We moved a total of 10 times since leaving New Mexico four years ago. In 2019 we will make another move onto our land.

2018 was a great year. Our coffee roasting company, Buffalo Mountain, has thrived and made 10 times the amount made in 2017. We can’t yet take an income from it, but I believe by the end of 2019 we will be profitable enough to start paying ourselves. Buffalo Mountain pays for all its own supplies, operating expenses, internet and phone, and electric bill.
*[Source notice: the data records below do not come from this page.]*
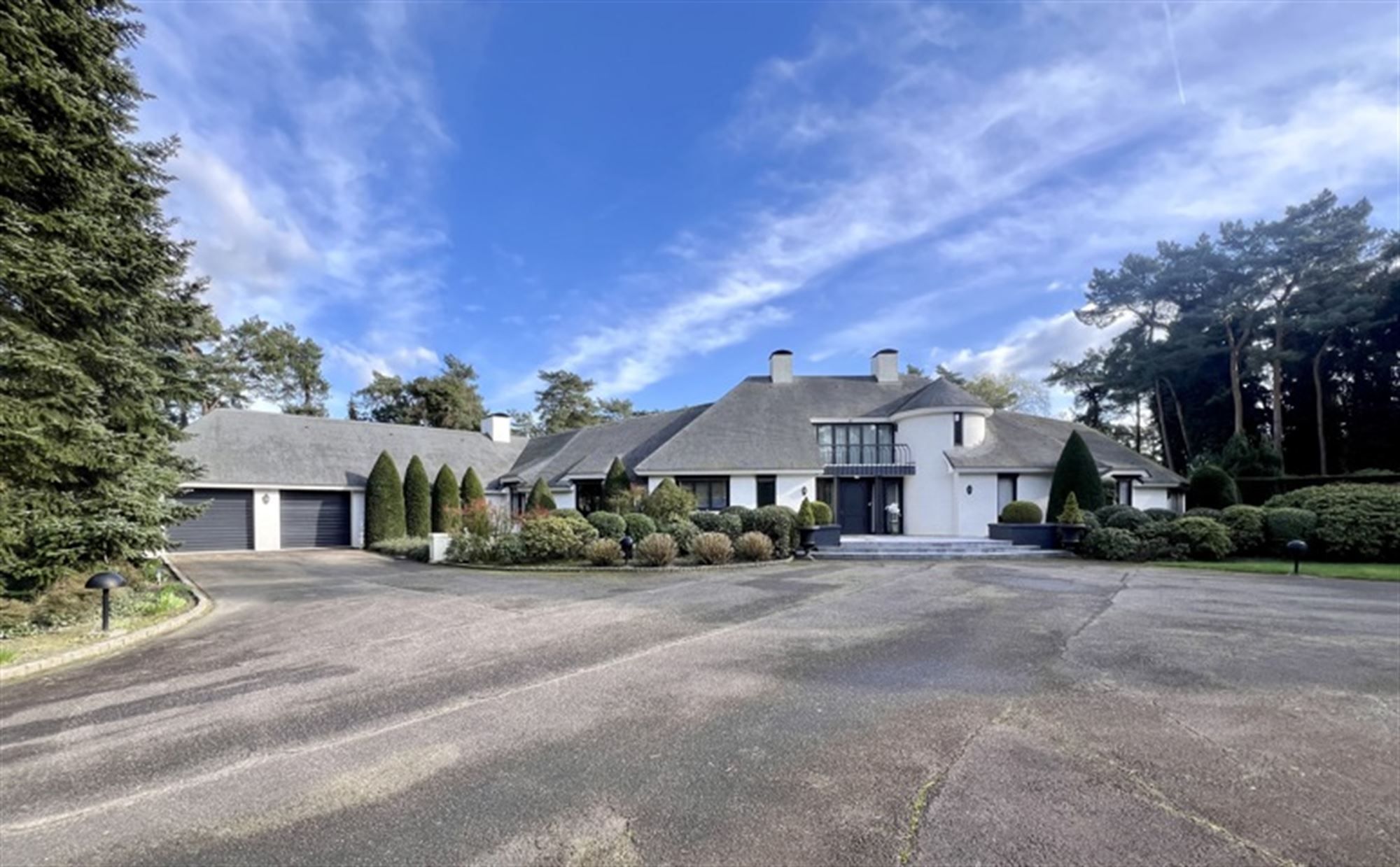 Statig landgoed met binnenzwembad op toplocatie foto 82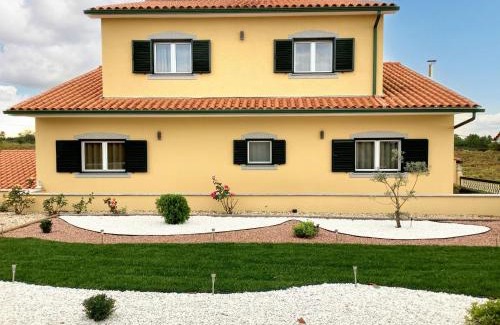 Aguiar da Beira House | Charming House in Cortiçada with Balcony and Mountain View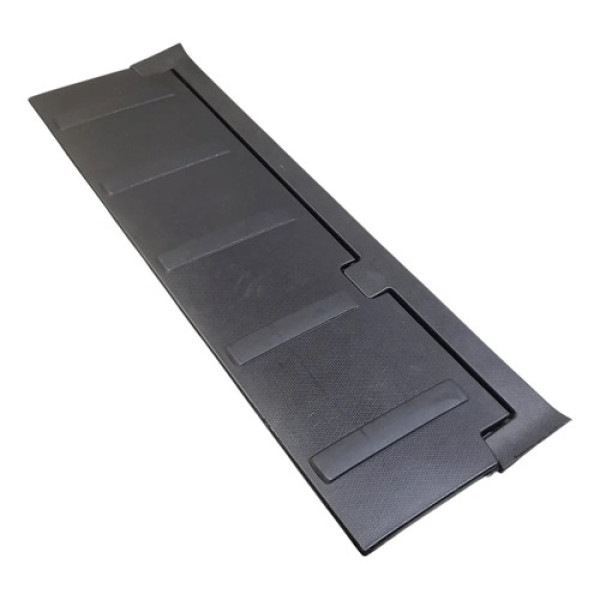 Acabamento Interno Tampa Traseira Inferior Mitsubishi Outlan Não Informado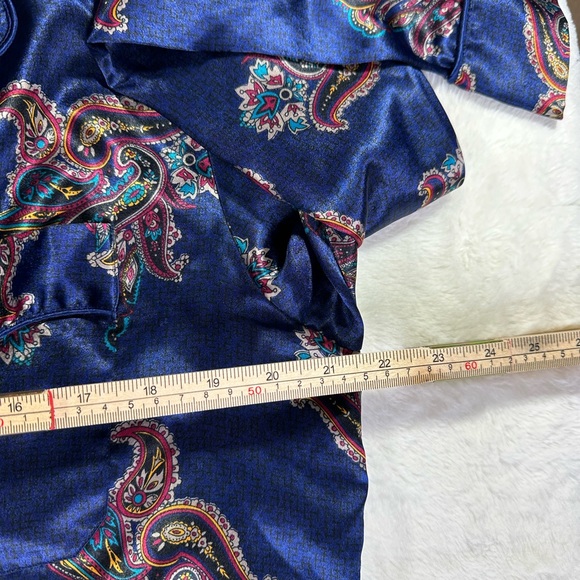 Vintage Victoria Secret Number 1 London Sleepwear paisley print silky - Picture 4 of 6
We will be building the new roastery on the land and it will have an art studio, commercial kitchen, and a farm store attached.

We moved here to Reserve in February, and with the amazing support of our friend Jennifer, who allowed us to rent her little adobe this year, it helped us to get established in Catron County.

Simmi made a new friend named Angel and they have become great friends. It’s the first time she has had a real friend to play with…ever. it’s a pretty big deal!

Simmi has made great progress in her school work. She was evaluated by a dyslexia specialist when we lived in Vermont and we were told that she has profound dyslexia. This is not a bad thing, it just means that she processes information when reading or doing math differently than other children. Children with dyslexia have many strengths. I am also dyslexic, but mine is not as advanced as her’s is. So I work at her pace which is very slow, with lots of days in between for her to process what she has learned. If I do school work with her every day, she goes into overload and won’t stop rubbing her eyes because it’s like there are letters or numbers missing from what she’s reading. She believed that she was dumb and not smart because she couldn’t read like her friend Angel. It was very frustrating for her, but recently she has come to accept that she learns differently than other kids and that it’s okay to do things at a slower pace. I think she’s doing fantastic!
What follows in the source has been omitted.